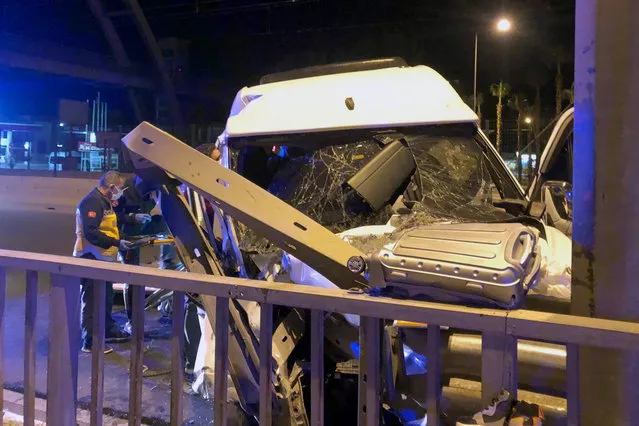 Turkish officials investigate after a minibus crashed near Aksu, in Antalya, Turkey, early Saturday, October 30, 2021. (Photo by IHA Agency via AP Photo)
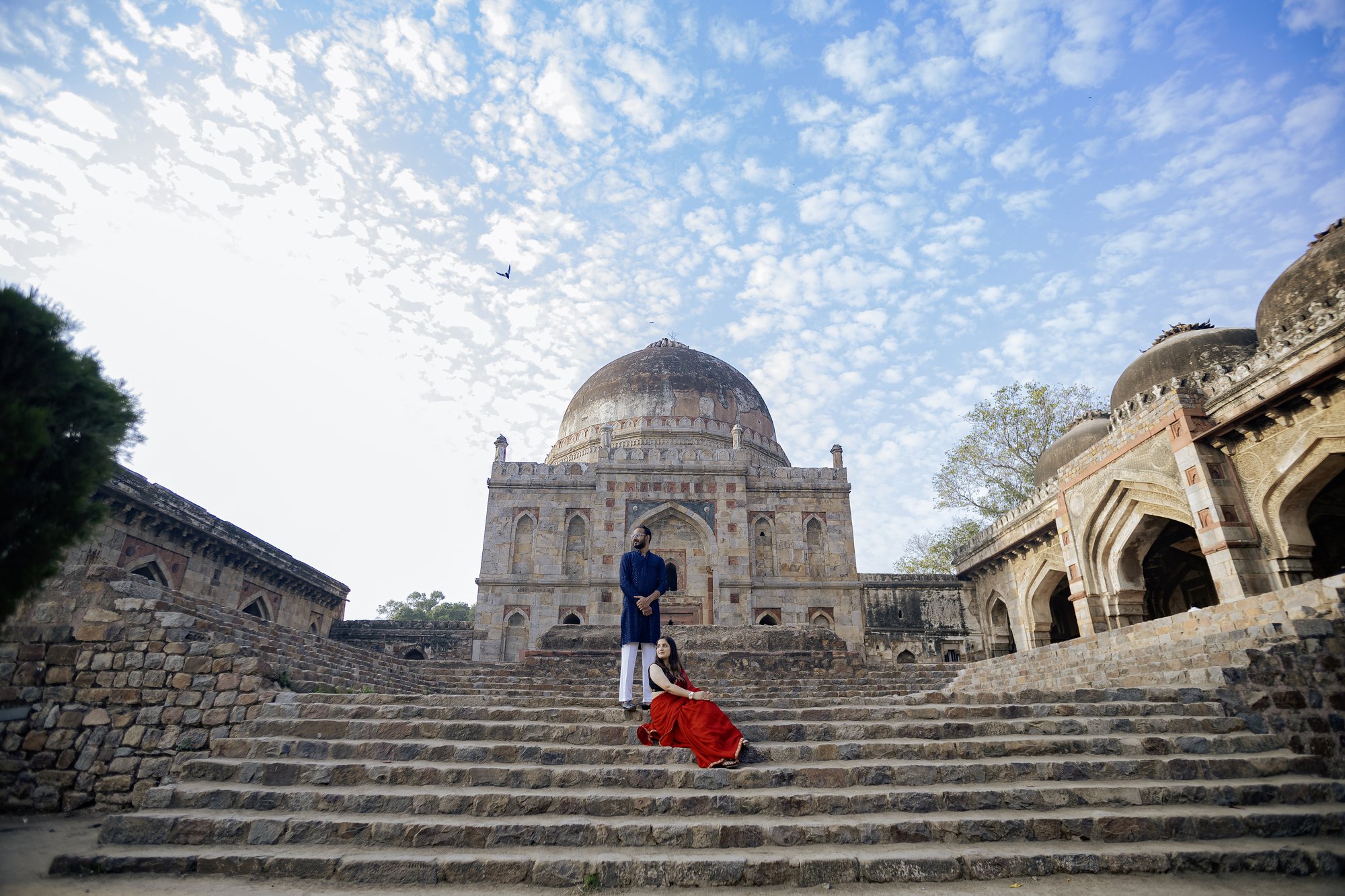 Beautiful pre-wedding moment of a couple in traditional attire sharing a loving glance while looking at the sky.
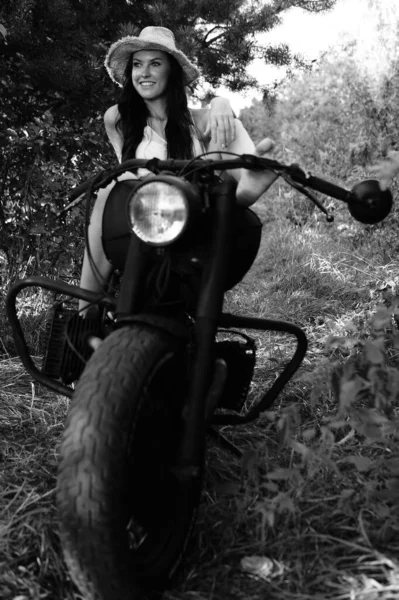 夏服の長い波状の髪をした若いセクシーな女性とバイクの近くにポーズを藁帽子 白黒写真 — ストック写真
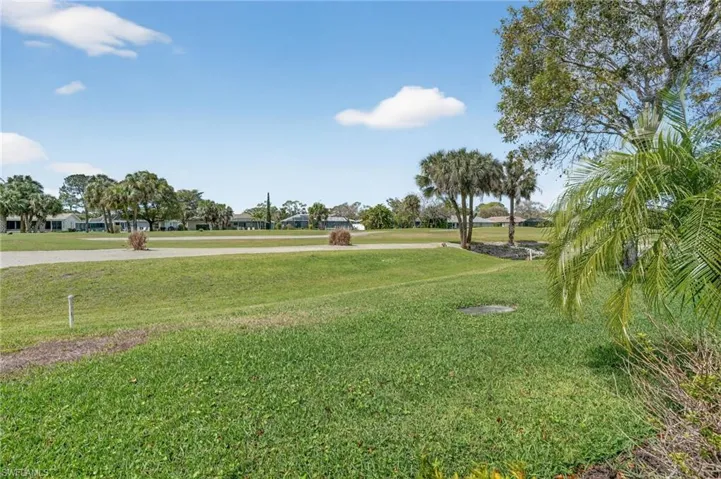 View of green lawn with golf course view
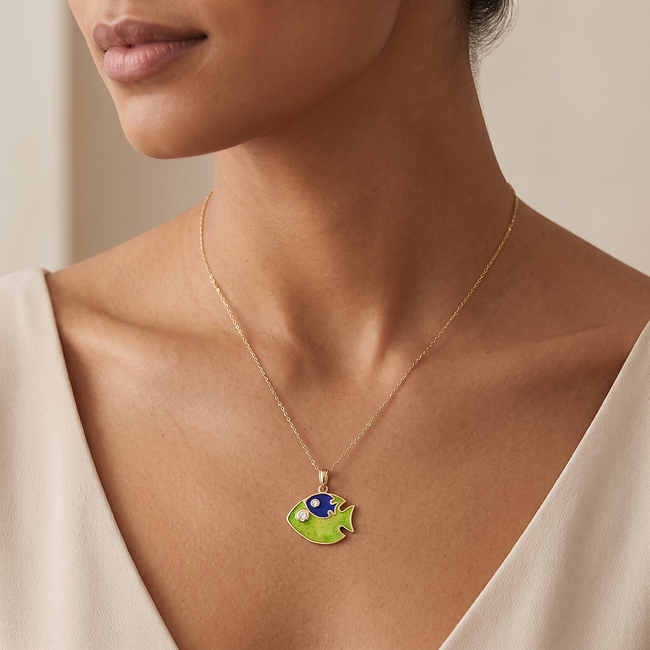 Gouden kinderketting met kleurrijke vissenhanger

::::::

- **Task to carry out**
Pick up at the line containing "Beautiful pre-wedding moment" and copy each line exactly until the data ends, including that last line; copy no pictures.

- **Task output**
 Beautiful pre-wedding moment of a couple in traditional attire sharing a loving glance while looking at the sky.
 夏服の長い波状の髪をした若いセクシーな女性とバイクの近くにポーズを藁帽子 白黒写真 — ストック写真
 View of green lawn with golf course view
 Gouden kinderketting met kleurrijke vissenhanger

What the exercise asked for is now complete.